Una critica al Gay pride

Una critica al Gay pride

Gaypride

Premessa: un mondo dove c’è bisogno di una giornata per manifestare il diritto di seguire le proprie libere preferenze sessuali, è un mondo profondamente sbagliato. Questo perché nessuno equivochi su quanto dirò.

Partiamo dall’affermazione del sindaco Bucci che, pur non avendo dato il patrocinio al gay pride, ha affermato che lui è il sindaco di tutti i genovesi. Sottostesto: anche di quelli lì.

E’ il  tipico, gretto atteggiamento borghese di destra che, con la scusa di mostrare la propria magnanima liberalità, discrimina già con le parole, erige un muro invisibile tra genovesi normali e “loro”. Tra i genovesi “normali”, naturalmente, rientrano quelli di Casapound, nella curiosa geografia etnica del sindaco, che, notoriamente, non amano “loro”, forse perché “loro” si amano, attività sconosciuta ai fascisti.

Proprio perché questo atteggiamento discriminatorio è sempre più diffuso, anzi, spesso sfocia in atti di violenza gratuita sempre più frequenti, credo sia arrivato il momento che il Pride perda la sua patina gioiosa e un po’ carnascialesca e si trasformi in una seria manifestazione di rivendicazione dei diritti civili. I gay non devono più, a mio avviso, fare sfoggio, seppure ironico e gioioso, della propria diversità ma rivendicare il diritto sacrosanto di essere parte integrante della società civile e di esserne parte integrale “normale”, che non chiede più di essere accettata ma di vivere la propria sessualità serenamente come chiunque altro. I gay dovrebbero rivendicare la propria intimità, in diritto di essere giudicati per chi sono e non in base a con chi vanno a letto.

Lo strumento del Pride appare, dal punto di vista comunicativo, sbagliato alla luce della realtà odierna.
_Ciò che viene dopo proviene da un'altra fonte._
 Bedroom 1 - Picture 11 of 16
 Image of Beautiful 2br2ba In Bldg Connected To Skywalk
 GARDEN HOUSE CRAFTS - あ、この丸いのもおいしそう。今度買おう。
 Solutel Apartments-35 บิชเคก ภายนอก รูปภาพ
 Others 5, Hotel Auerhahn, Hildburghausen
E’ diventato ormai, sempre più spesso, una parata con una ricca partecipazione radical chic, di chi ama mostrarsi liberal nè più nè meno come il sindaco Bucci, piuttosto che un’occasione per rivendicare quanto sia assurdo, oggi,  dover difendere il proprio diritto di amare chi si crede.

Sarebbe importante se il Pride si trasformasse in una grande manifestazIone per i diritti civili tout court, se accogliesse al suo interno tutte le categorie messe al bando dal benpensantismo bigotto che dilaga nel nostro paese, se cominciasse a fare veramente paura al potere.
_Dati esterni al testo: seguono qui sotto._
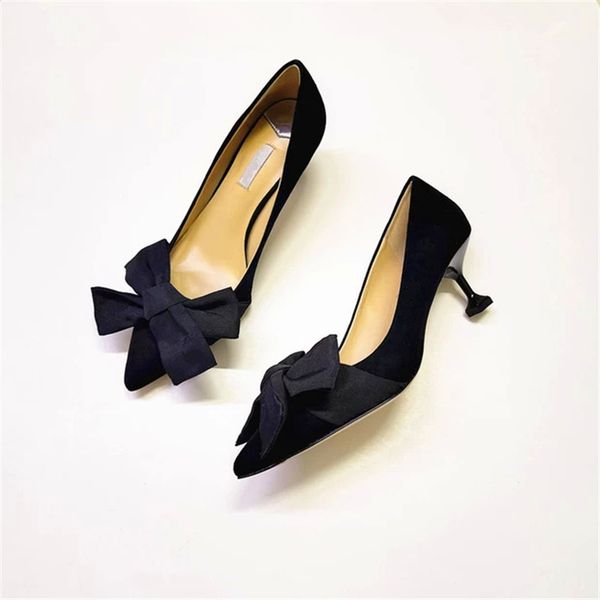 new classic pointed big bow shallow mouth low stiletto heels single shoes sweet age-reducing fashion all-match women's shoes, Black
new classic pointed big bow shallow mouth low stiletto heels single shoes sweet age-reducing fashion all-match women's shoes, Black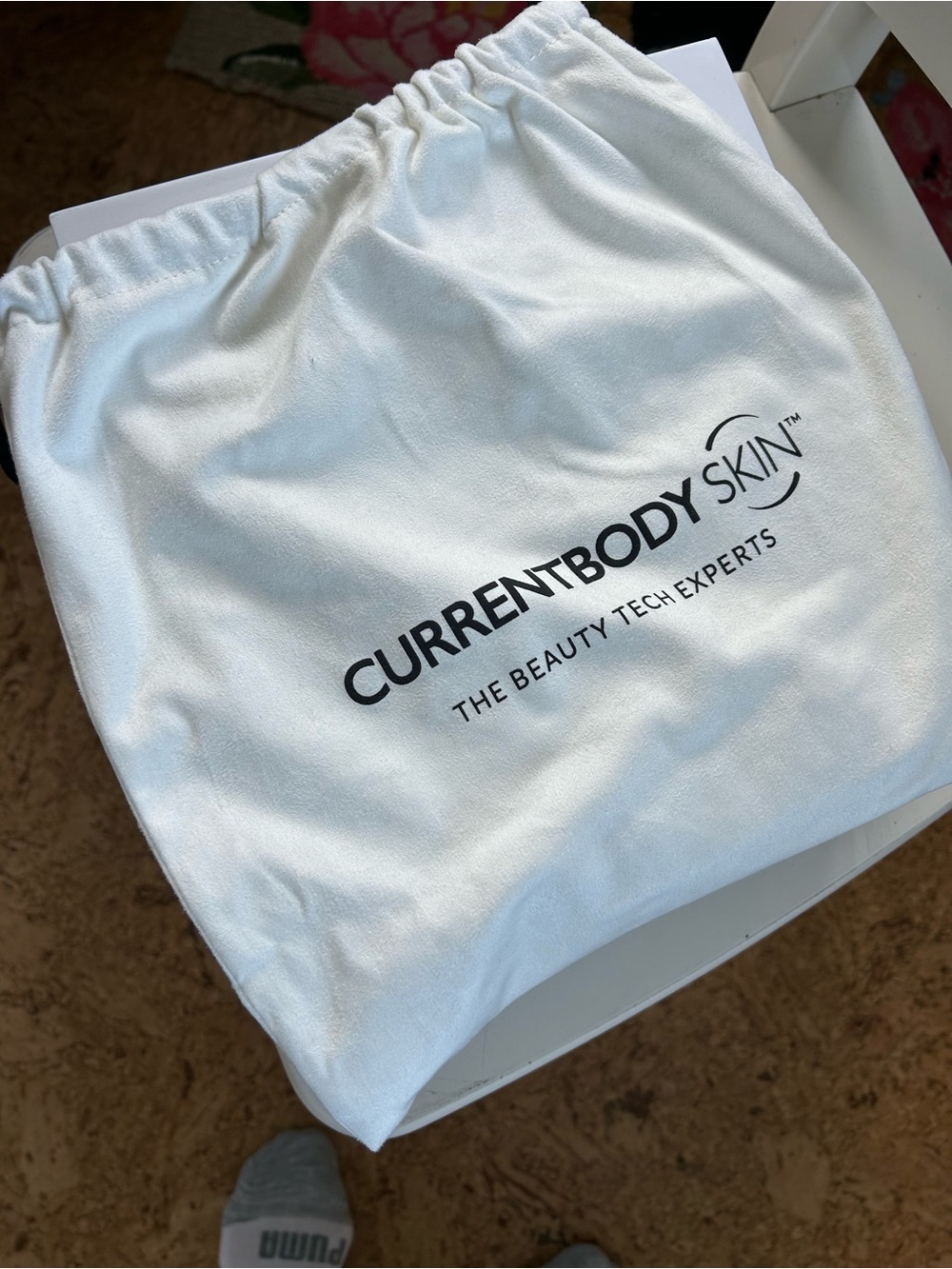 CurrentBody Skin LED Light Therapy Mask — White - Picture 3 of 5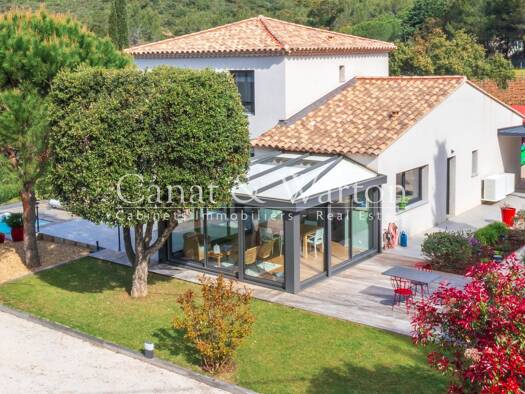 Haus zum Kauf 1.150.000 € 170 m² 1.580 m² Grundstück Les Borrels-La Sauvebonne Hyères 83400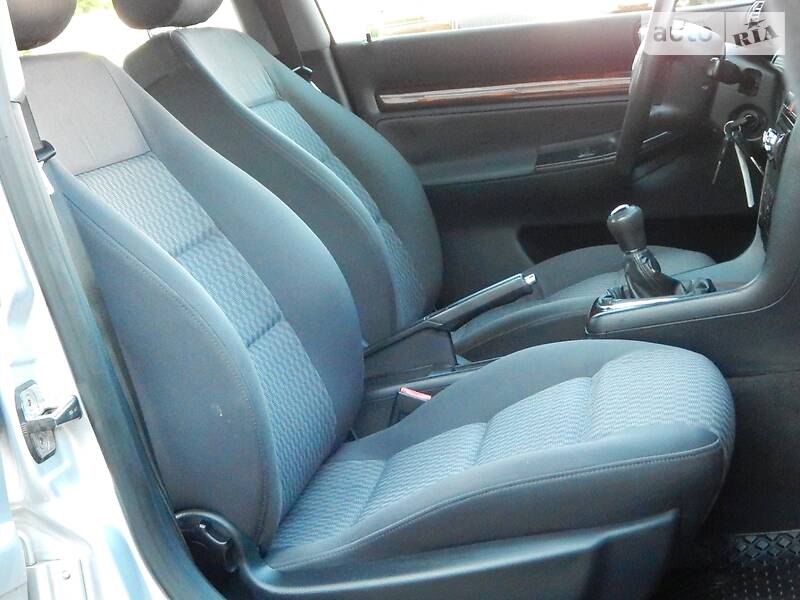 Седан Audi A4 2000 в Сарнах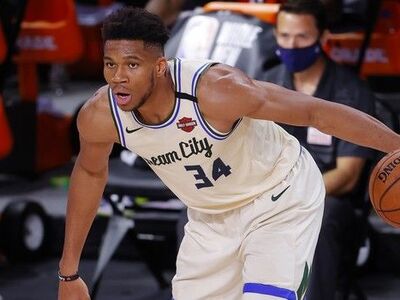 «Ιπτάμενος» Αντετοκούνμπο: Συνεχόμενα φα...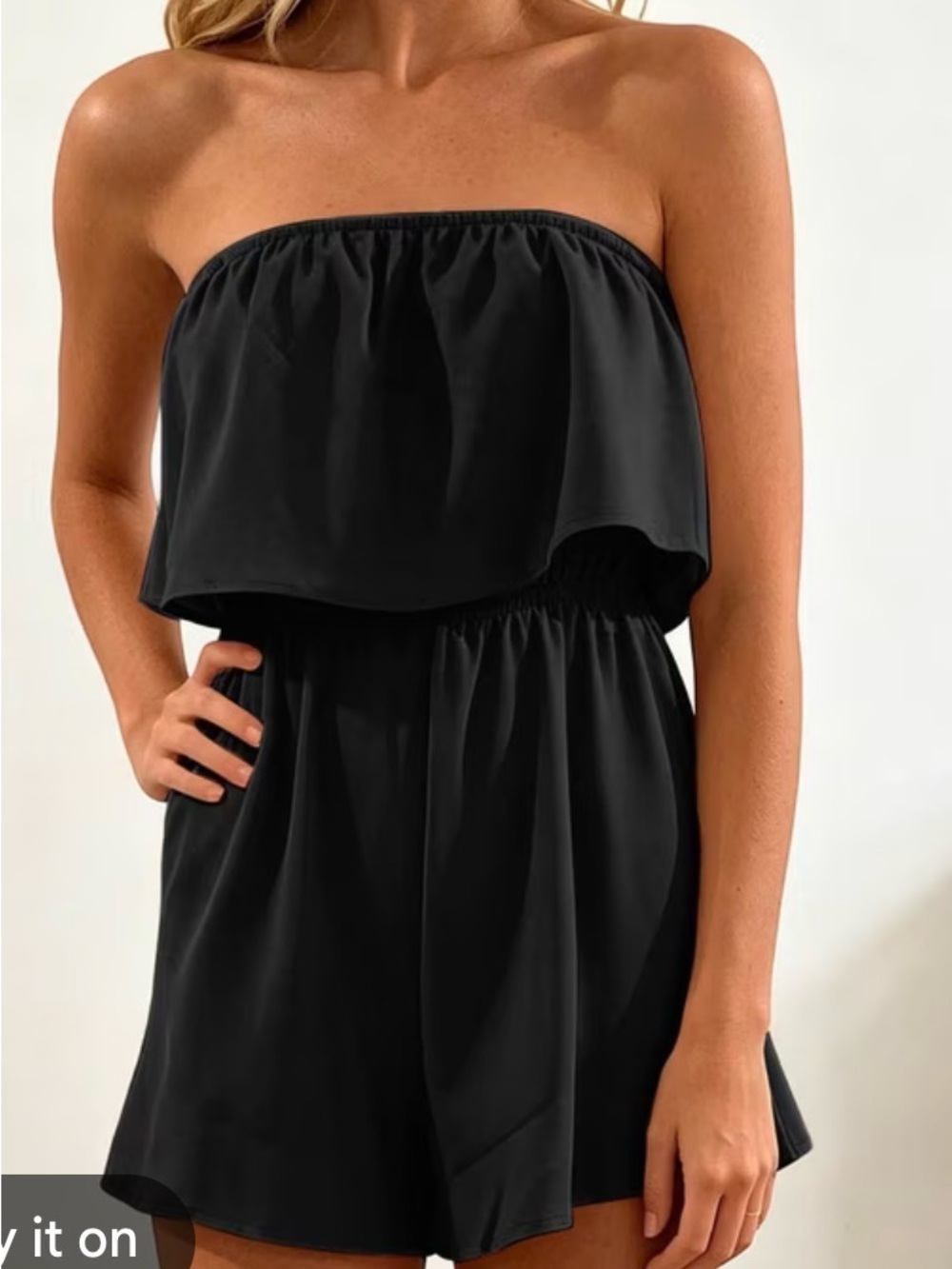 Vici Black Strapless Flounce Romper sz medium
Così com’è organizzato oggi, rischia di diventare una manifestazione autoemarginante, una rivendicazione di diversità fine a sé stessa.

Penso ai gay inglesi, quando, al tempo dei licenziamenti della Thatcher,  offrirono il proprio appoggio ai minatori scozzesi, che prima lo rifutarono e poi lo accettarono. Credo che mai sconfitta fu più splendida quanto quella nata da quella grande manifestazione, in  cui sfilarono fianco a fianco,  un esempio di cittadinanza attiva straordinario. Date un’occhiata a Pride, film del 2014, commovente, lucido e straordinario, nel rappresentare un’epoca e un momento della storia recente.
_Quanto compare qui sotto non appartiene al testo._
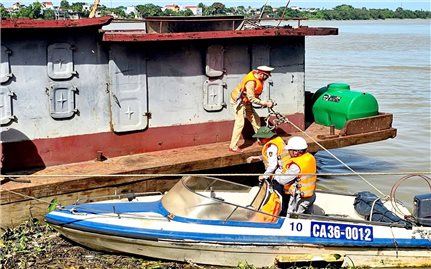 Thanh Hóa tổng kiểm soát phương tiện bơm, hút và vận chuyển cát sỏi trên sông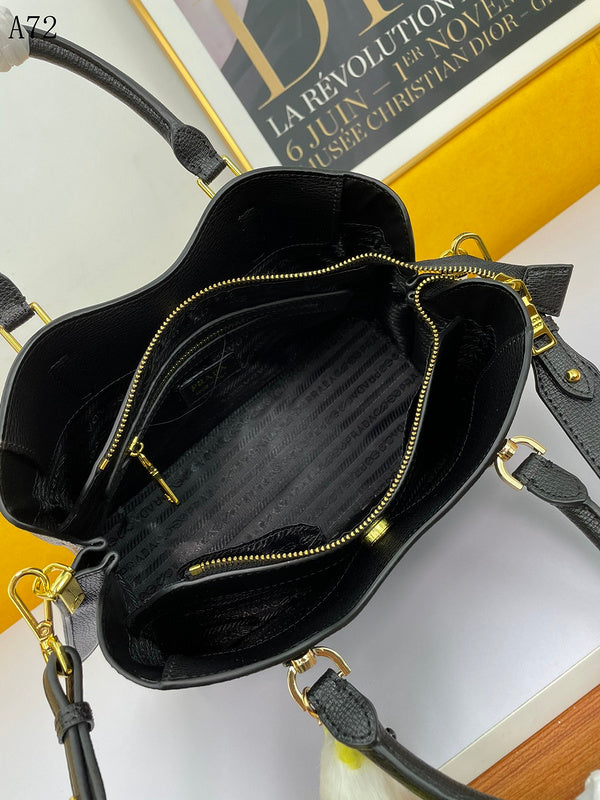 Barnes-Bags - Prada Bags - 923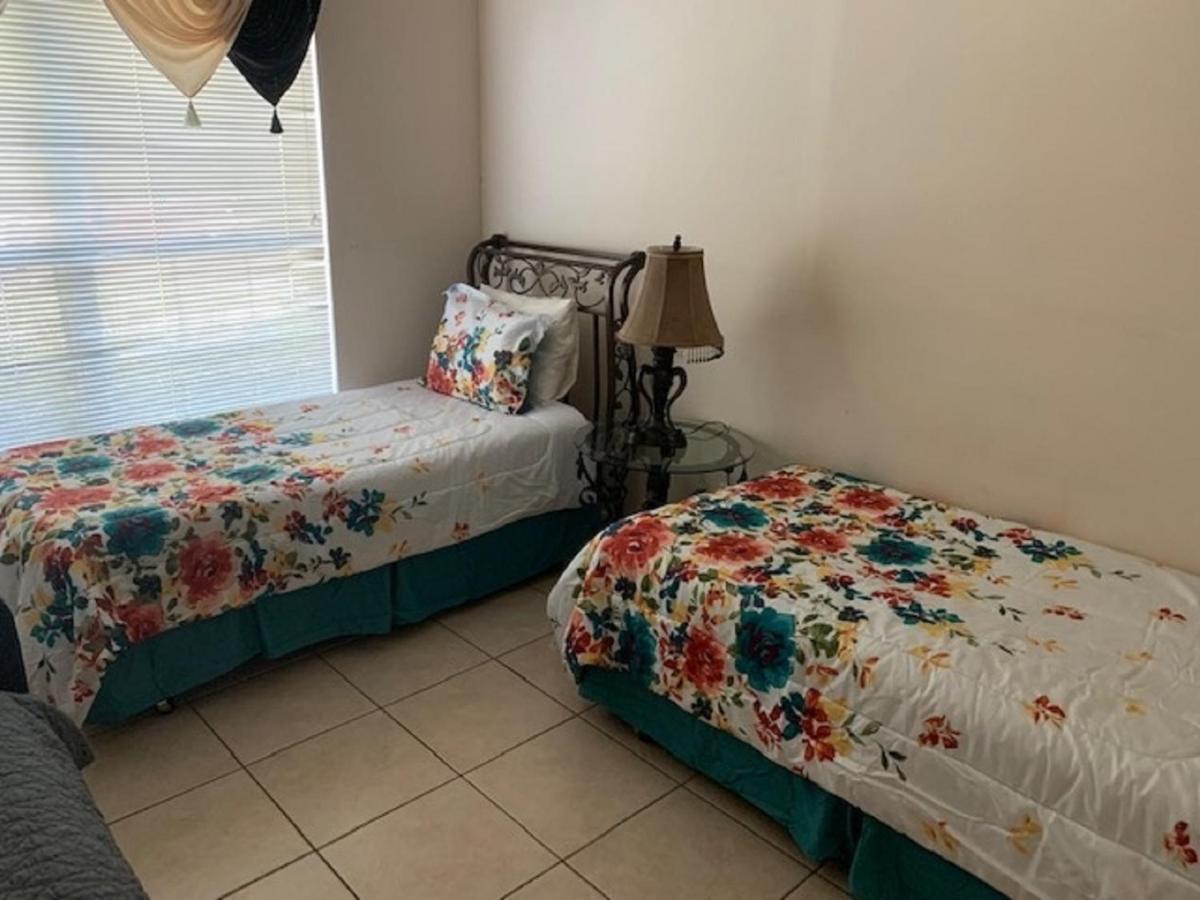 7 Bedroom, 6 Bath And Pool Near Disney In Emerald Island 4 King Master Suites Kissimmee Εξωτερικό φωτογραφία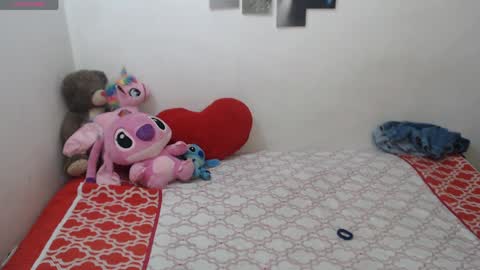 Snapshot of pocahontas_princess__ chatting on April 2026 03:24:01 PM Pocahontas online show from April 2026 03:24:01 PM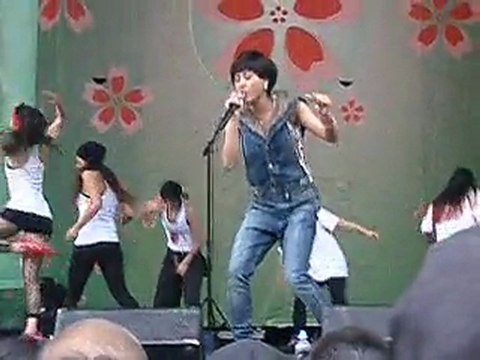 Japan Day NYC 05-22-2011: Aisha + Darryl D.M.C. McDaniels - Fallin' 4 U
In Italia c’è un grave problema di diritti civili violati che continua ad essere ignorato, è arrivato il momento da parte di tutti, secondo me, di affrontare seriamente questo problema, di smettere di ignorarlo. I gay genovesi il patrocinio del comune avrebbero dovuto pretenderlo o chiedere al sindaco, in un pubblico dibattito, perché non è stato concesso. Temo fortemente che per seppellire (metaforicamente) questa gente, non bastino più una risata e un ballo, ma sia necessaria un’assunzione di impegno più forte.

Nel mondo allucinato di Orwell, in 1984, il Grande fratello temeva più di tutto l’amore, la forza che muove il mondo. Ecco, anche i nostri attuali governanti temono l’amore: quello tra persone dello stesso sesso, quello verso chi viene da un paese diverso, quello verso gli ultimi o semplicemente verso gli altri esseri umani. Perché sanno, in cuor loro, che non c’è arma più forte contro l’oppressione.

Quindi ben venga il gay pride, ma cresca, divenga adulto, diventi parte integrante della lotta che ci aspetta contro chi ha nel cuore l’odio e nella mente la paura, perdonate la citazione.